We live in a society whose only economic model privileges the market and constantly establishes new forms of exclusion. As a consequence, cities have been losing their fundamental purpose as a public space through processes of urban changes that privilege economic power and promote social and spatial segregation. We support organizations, groups and collectives that act in the defense of the right to the city, especially the right to dignified housing, mobility and access to infrastructure, as well as the strengthening of the social and collective function of public spaces.
The right to land, to natural resources and to the promotion of decent work has been constantly threatened. We support organizations, groups and collectives of rural workers, extractive communities and small farmers, with communal production modes that fight and denounce the suffered violences seeking the effecting of public policies to expand and assure their rights.
We support organizations, groups and collectives that fight the violations of adolescent’s rights in fulfillment of socio educational measures through actions that lead to the guarantee of the principles laid out in the Child and Adolescent Statute. Though the specific law exists for more than 30 years, in practice the rights of boys and girls in situations of conflict with the law have not been fully effected. Moreover, the actions of groups that fight attempts of reducing the criminal majority are fundamental. The possibility of reduction affronts the fundamental right of children and adolescents to be protected and respected.
The acknowledgement of rights for quilombola populations has been a fundamental fight that meant an expansion of understanding of the meaning, existence and resistances of the peoples that have been enslaved. However, said acknowledgement and the existence of a set of laws that actualize the rights has not been translated in practice to permanent changes for the quilombola population and the local populations as well. There are constant rights’ violations and grave threats to the people and communities. The Brazil Fund supports groups, organizations, collectives and communities that fight said situations, proposing actions of advocacy, legal actions, communal strengthening, among others, to ensure their achievements and expand their rights.
The Brazil Fund supports initiatives that aim to guarantee the human rights of populations vulnerable to the negative impacts of great works of infrastructure, such as hydroelectric plants, and also large scale business projects, such as the cases relating to mining. The organizations, groups and collectives supported conduct actions of political advocacy, legal advice, production of knowledge, networking and mobilization, also having a concern with the defense of natural resources.
Racism is one of the social structures that produces more inequality and rights’ violations in Brazilian society. The high levels of violence against the black population are the most brutal face of this situation. However, racism is also expressed by religious intolerance, selective incarceration, pay inequalities, injury, slander, prejudice and discrimination. We support organizations, groups and collectives that aim to transform these situations, acting in the fight, denouncement and construction of alternatives for the insurance of human rights to all the black population.

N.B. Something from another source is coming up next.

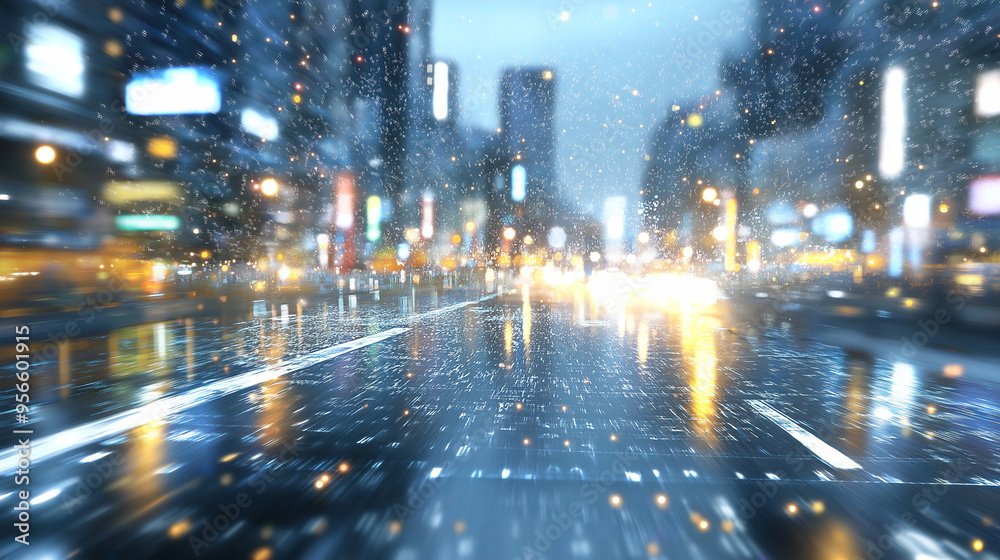 Cyberpunk streets illustration, futuristic city, dystopic artwork at ...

Unequal pay, disrespect to reproductive rights, low political representativity, oppression and repression of sexual freedoms, work exploration, domestic and sexual violence are problems that are part of the daily lives of Brazilian women. We support organizations, groups and collectives that act to denounce the violation of women’s rights, as well as in the fight against sexism in all spheres of life.
Brazilian youths from urban peripheries, suburbs, rural areas, among other contexts, have been the main target of police brutality and extermination groups, especially black youths. Moreover, youths have their rights constantly threatened or unfulfilled, as the segregationist logic of public and private spaces creates real and symbolic obstacles for their access and presence. The Brazil Fund supports organizations, groups and collectives that work alongside the youth, or are constituted by young people, in actions of reporting violence, defense, promotion and guarantee of their rights and expansion of the youth statute’s principles.